キミに伝えたい愛がある。
「あっ、ちー。来てくれた。...って、目が腫れてるけどどうした?なんかあった?」


「大丈夫。無事卒業出来たなあって実感して泣いただけだから」


「本当に?」


「本当だよ。りっくんだって泣いたでしょ?」



りっくんは首を真横に振った。



「卒業したからって一生の別れになるわけじゃないんだし、泣かないよ」


「そう」



一生の別れになるわけじゃない。


私はそう思えない。


今日を境にみんなと別れることになると思うし、何よりりっくんと別れることが辛い。


また会えてもその時にはお互いのことを忘れてしまっているのではないか、なんて考えちゃう。
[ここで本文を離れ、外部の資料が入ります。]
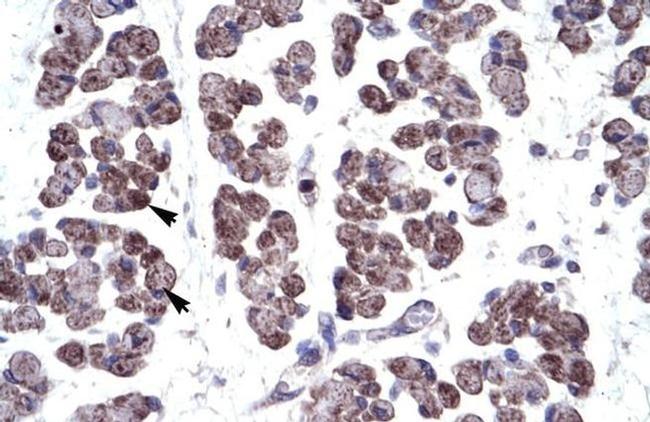 TBX20 Antibody in Immunohistochemistry (IHC)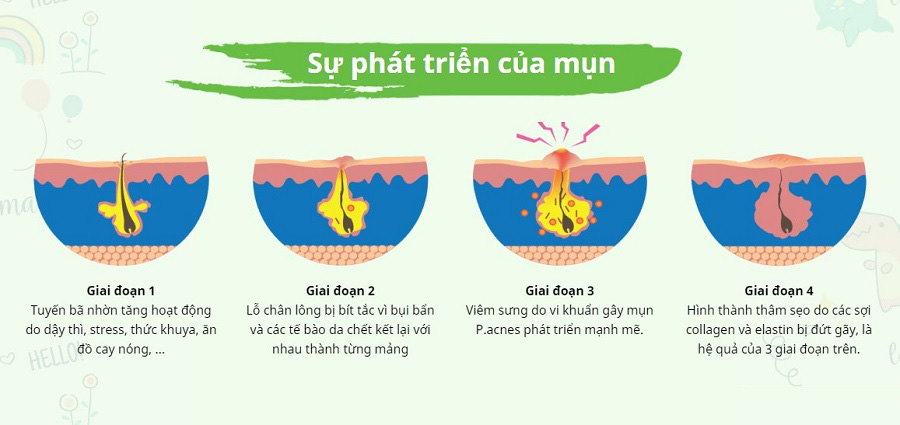 Hóng bí quyết trị mụn chưa đến 50k an toàn mà hiệu quả đang gây sốt giới trẻ - Ảnh 9. Hóng bí quyết trị mụn chưa đến 50k an toàn mà hiệu quả đang gây sốt giới trẻ - Ảnh 9.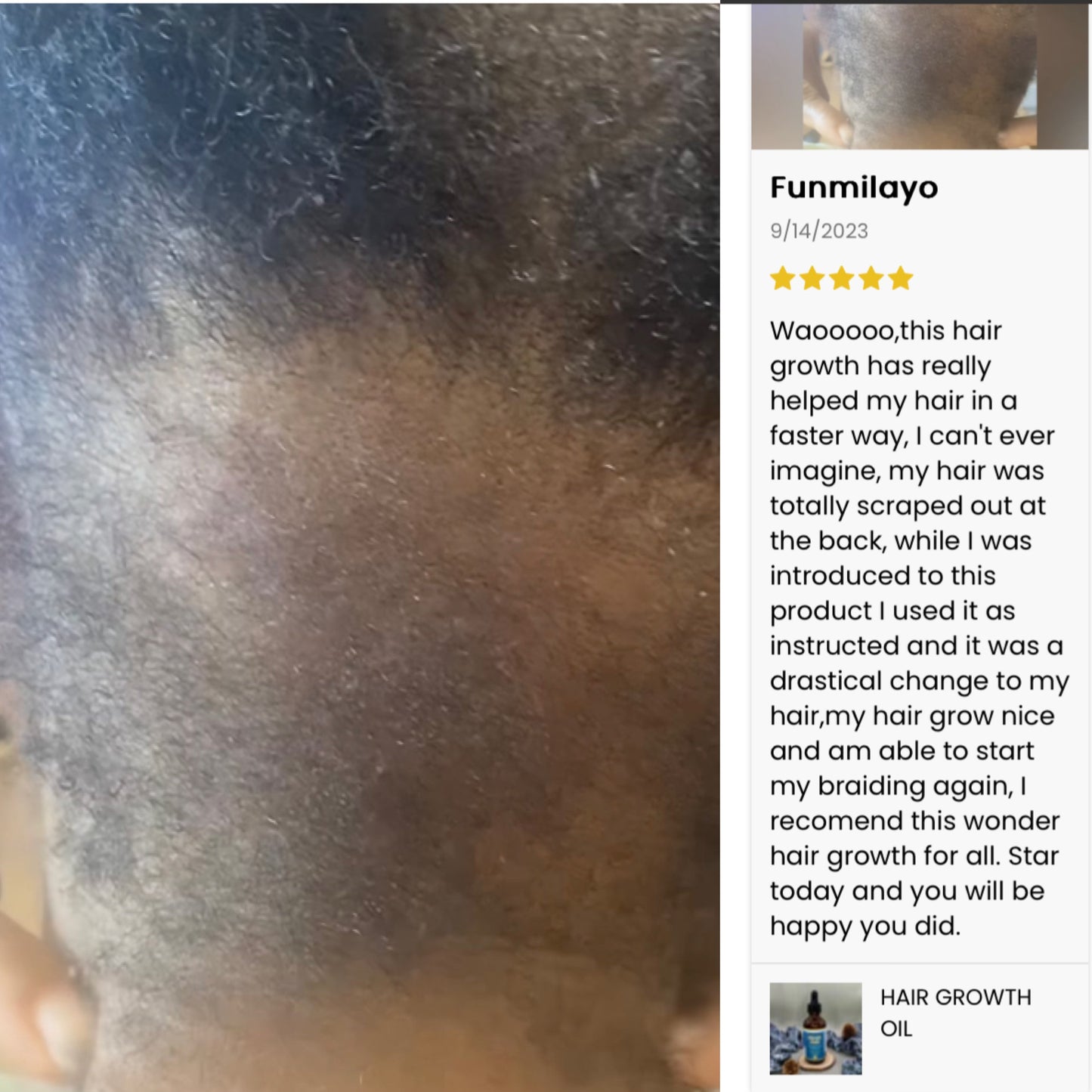 HAIR GROWTH OIL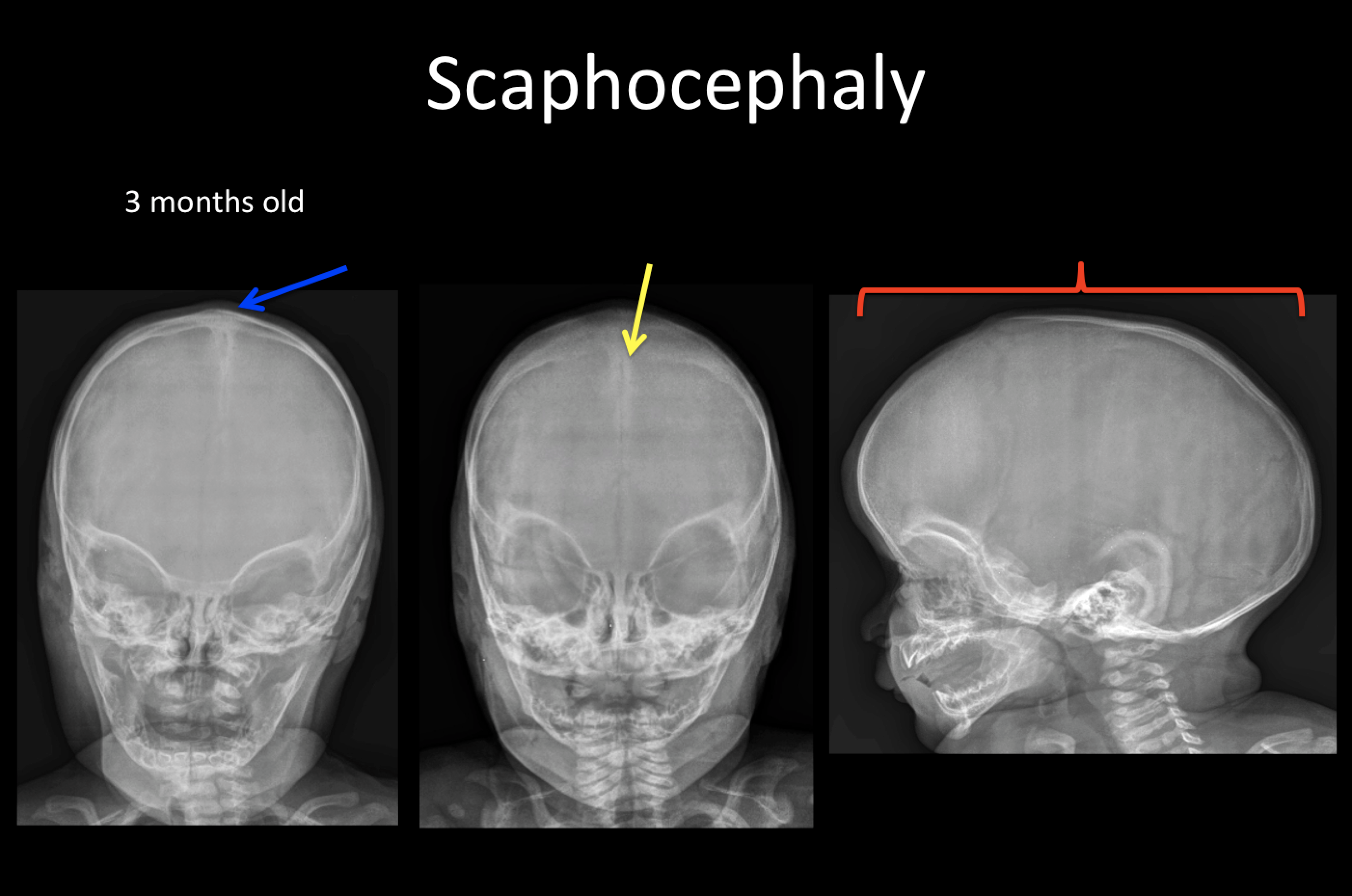 scaphocephaly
「俺さ、2週間後にはあの家出て向こうで暮らすんだ。ちーはここで暮らすんだよな?」


「受かればね。発表明後日だ...」


「ちーなら大丈夫だ。ちーはがんばり屋だし、人の話ちゃんと聞くし、素直だし。のびしろしかない」


「そんなに誉めちぎってどうするの?私そんな優秀な人じゃないよ」


「いいじゃん。ちーに伝えたかったんだから」


「え?」



りっくんは鼻をこすった。


りっくんなりの照れ隠しかもしれない。


それからお互い何も話さず、帰りもせず、ただ冷たい風に吹かれながら沈黙の時を過ごした。


私もりっくんに何か伝えなきゃ。


そう頭では考えられてもどう言葉にしたら良いか分からなかった。


遠くに行っても頑張ってね。


たまには戻ってきてね。


また会えるの、楽しみにしてる。


その前に卒業できて良かった。


今までありがとう。


...。


そのどれも口に出来なかった。


その代わりに口から出てきたのは思ってもみない言葉だった。